At least Jack doesn’t think about how he wishes she’d have married his forty-five-year-old bestie Buck Cowan instead of turning into a werewolf like him.
Oh, the demon thing… Old Scratch hisself cursed the Russell family with lycanthropy, so the weredemon should be the standard.
Doesn’t matter. Something about the way Moench writes that narration of Perlin’s mostly bad but still somehow vibrant and active panels just works. Maybe Moench’s dismissal of canon? Though Jack being a shitty misogynist about psychic ex-love interest Topaz (he doesn’t dig her now she’s not as mystically powerful because he’s a twerp) sucks.
It might just be symbiosis—and Lissa’s extremely long birthday subplot having such a bullshit conclusion—but I do wonder if the book’s finally found the formula.
It’s a successful comic—you get your two bits worth—but it’s not a good one.
Maybe Moench just paced it well. It’s definitely not worth going back to figure out its (almost infinitely asterisked) success.
Well. Writer Marv Wolfman reveals a lot this issue; it’s almost entirely nonsense, but there’s a lot of it. There are conclusions (of sorts) to Taj’s Indian sojourn and Frank Drake’s South American capitalist exploitation. Taj can’t stop the villagers from breaking in to kill his vampire son; Frank discovers he’s surrounded by worker zombies who move to kill him after he says hello to one of them. Not sure what they’d have done if he had ignored them.

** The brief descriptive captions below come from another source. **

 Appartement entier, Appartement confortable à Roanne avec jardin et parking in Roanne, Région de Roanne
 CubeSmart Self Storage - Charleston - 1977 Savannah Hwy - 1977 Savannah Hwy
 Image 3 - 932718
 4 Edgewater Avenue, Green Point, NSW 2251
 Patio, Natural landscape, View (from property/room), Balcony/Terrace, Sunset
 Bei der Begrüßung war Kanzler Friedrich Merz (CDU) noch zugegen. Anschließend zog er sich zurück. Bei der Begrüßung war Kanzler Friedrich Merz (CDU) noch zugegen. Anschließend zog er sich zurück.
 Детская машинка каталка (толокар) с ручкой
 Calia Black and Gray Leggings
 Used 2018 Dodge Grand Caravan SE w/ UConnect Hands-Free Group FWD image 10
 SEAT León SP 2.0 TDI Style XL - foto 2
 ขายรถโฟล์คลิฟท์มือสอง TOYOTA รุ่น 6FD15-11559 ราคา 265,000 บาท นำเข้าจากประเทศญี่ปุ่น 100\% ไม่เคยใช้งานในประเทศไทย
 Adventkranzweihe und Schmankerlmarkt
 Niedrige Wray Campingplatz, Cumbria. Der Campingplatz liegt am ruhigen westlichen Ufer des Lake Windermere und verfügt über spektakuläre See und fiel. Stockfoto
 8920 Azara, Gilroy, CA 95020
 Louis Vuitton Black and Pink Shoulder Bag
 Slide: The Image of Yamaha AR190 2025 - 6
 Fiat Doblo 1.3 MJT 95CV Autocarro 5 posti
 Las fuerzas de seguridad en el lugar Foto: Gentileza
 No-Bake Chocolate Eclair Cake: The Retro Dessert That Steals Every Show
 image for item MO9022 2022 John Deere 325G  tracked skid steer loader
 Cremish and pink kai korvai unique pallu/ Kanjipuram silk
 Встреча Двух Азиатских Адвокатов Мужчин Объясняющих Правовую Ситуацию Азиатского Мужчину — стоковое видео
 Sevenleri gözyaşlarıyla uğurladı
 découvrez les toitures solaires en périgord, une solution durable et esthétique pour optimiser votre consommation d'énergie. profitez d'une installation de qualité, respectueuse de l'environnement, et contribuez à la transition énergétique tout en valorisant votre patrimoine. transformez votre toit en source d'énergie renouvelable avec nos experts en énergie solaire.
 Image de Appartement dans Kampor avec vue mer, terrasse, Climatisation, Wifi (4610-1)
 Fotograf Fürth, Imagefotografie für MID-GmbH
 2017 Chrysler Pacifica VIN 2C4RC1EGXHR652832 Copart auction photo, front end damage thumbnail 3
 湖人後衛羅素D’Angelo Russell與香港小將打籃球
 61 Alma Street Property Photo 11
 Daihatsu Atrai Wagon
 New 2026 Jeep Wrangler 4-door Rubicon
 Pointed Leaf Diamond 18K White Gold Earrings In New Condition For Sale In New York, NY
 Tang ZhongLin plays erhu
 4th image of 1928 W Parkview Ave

I’ve been wondering why Werewolf never does an issue in-between Jack’s werewolf nights—so, you know, the majority of his life—and Doug Moench “delivers” here, complete with entirely unsuitable hard-boiled narration for surfer bro Jack. After last issue’s second-night cliffhanger, they all had an uneventful third night. Then they didn’t talk for a week, just moped around, presumably because neither Jack nor Buck wanted to console Topaz, whose soul is in peril.
The “Taj in India” C plot has been running seven issues, so half a year, and it’s just now getting to him staking his vampire son. The cover shows Taj thrilled to do it and the wife begging him to stop; the interior’s the opposite; the entire point of Taj going home was to stake the kid before the villagers do it. And to slap his wife around for being… a woman, basically.
There are numerous things to talk about this issue, but the teaser for next issue muscles them all out. Next issue is Lissa’s eighteenth birthday, an event the series has been promising for twenty issues and three years. I’m not taking the teaser as a promise, especially when writer Doug Moench is so comfortable retconning.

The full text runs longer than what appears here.